El libro comienza con una descripción que también es una declaración de principios: “El señor tomaba partido, pero no pensaba como hombre de partido. Juzgaba las cosas por sus méritos propios, sin el menor ánimo de favorecer a uno u otro bando. Se proponía ser íntegro, vivir en plenitud, conforme consigo mismo.” El ideal no por noble impide que el lector se cuestione acerca de las restricciones y presupuestos que todo pensamiento posee, porque la sublimación no hace que estos desaparezcan. Como a menudo sucede con las posturas conciliadoras, tras ellas se esconde la negación de los conflictos y algunos puntos ciegos que no se abren a discusión.

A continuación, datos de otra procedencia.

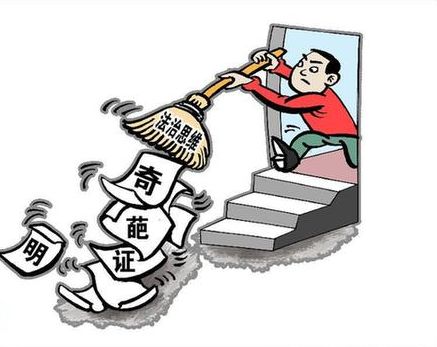 奇葩證明,濯政溢彩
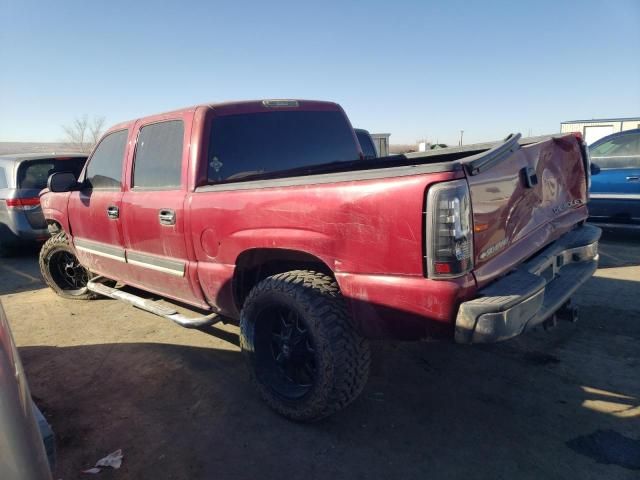 2005 Chevrolet Silverado C1500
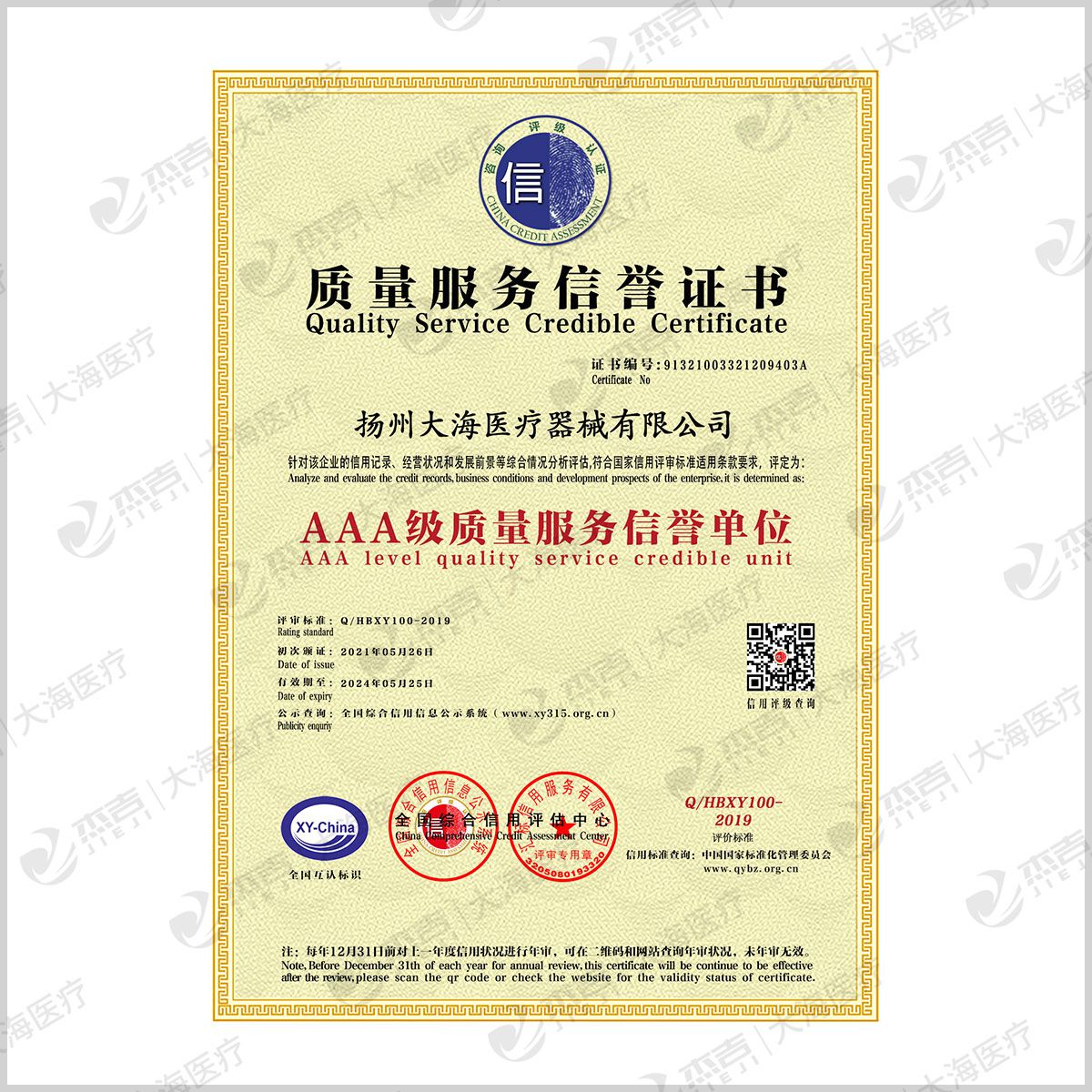 質(zhì)量服務(wù)信譽(yù)證書(shū)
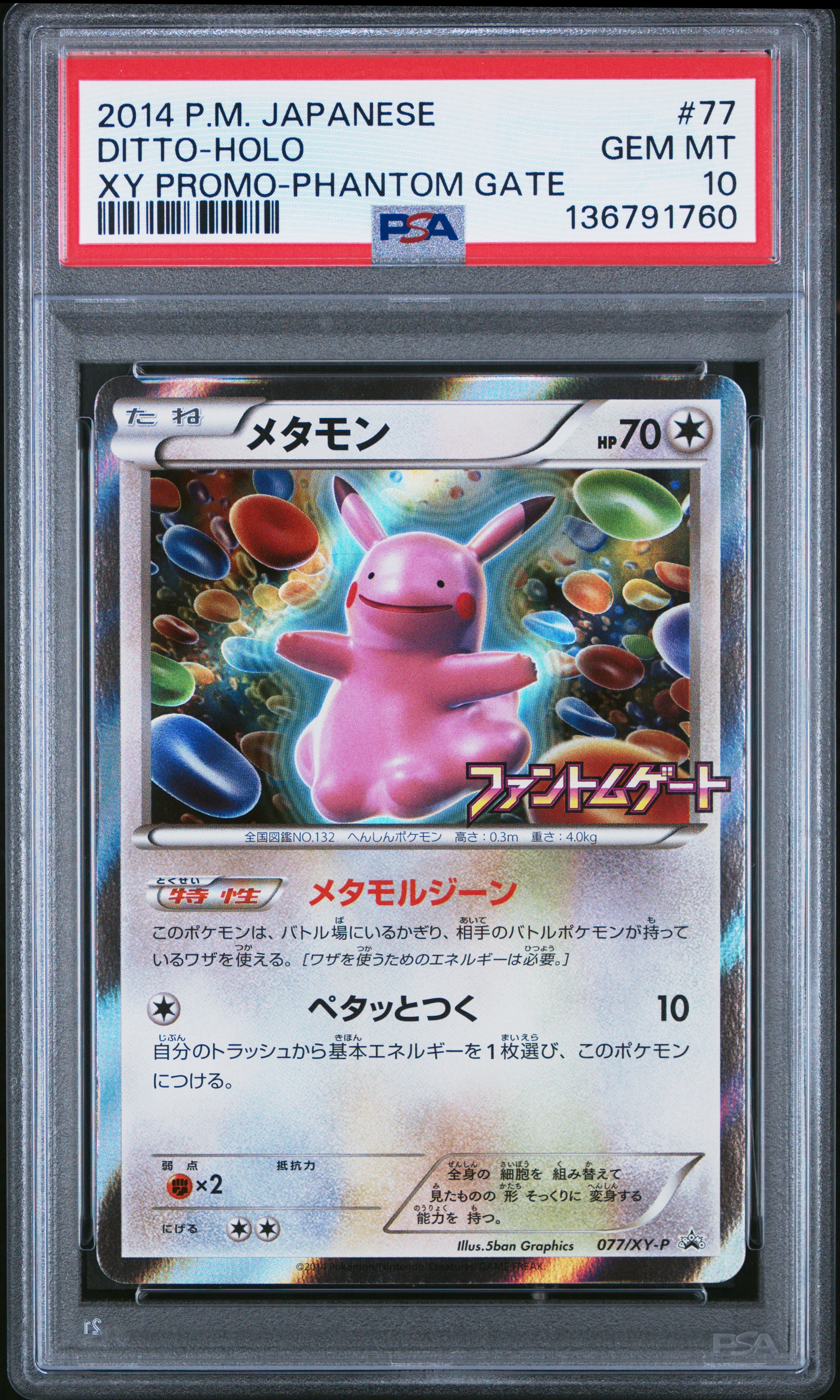 メタモン: プロモ[XY-P 077/XY-P](プロモーションカード「XY-P」)通販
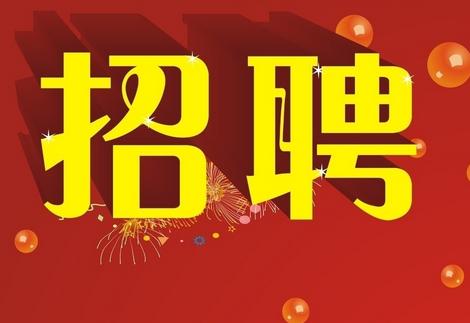 约俊村最新招聘信息全面解析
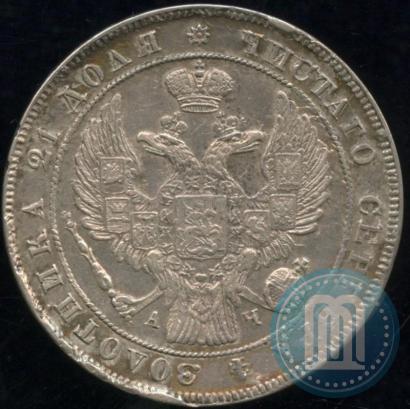 Picture 1 rouble 1842 year СПБ-АЧ 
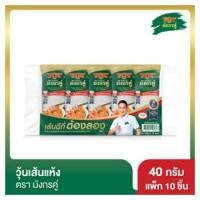 ราคา มังกรคู่ วุ้นเส้น 40 กรัม แพ็ค 10 ซอง 8850122101343 (19684209067)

La estructura espiralada y dinámica del libro le permite a Edwards viajar de las guerras de religión en Francia al Chile de Piñera. Al que votó, apoya y representa como diplomático. El remontarse al siglo XVI hace más densa la discusión sobre el presente, al que permanentemente vuelve. En este ida y vuelta construye una genealogía intelectual y literaria, se eleva de la coyuntura cotidiana y carga con mayor sentido las palabras. Sin embargo, en las referencias al presente su proyecto renguea, por ejemplo cuando menciona una “guerra civil no declarada” que habría vivido Chile o al definir a sus opositores por su peor rasgo. En puntos nodales de su posicionamiento político, no abre la discusión y no revisa los postulados sobre los que se asienta.
A su favor La muerte de Montaigne se lee con atención, a veces con una sonrisa, presenta además de una prosa ilustrada que abomina de los extremos y los fanatismos, una muestra de que la buena literatura no se ata a ideologías.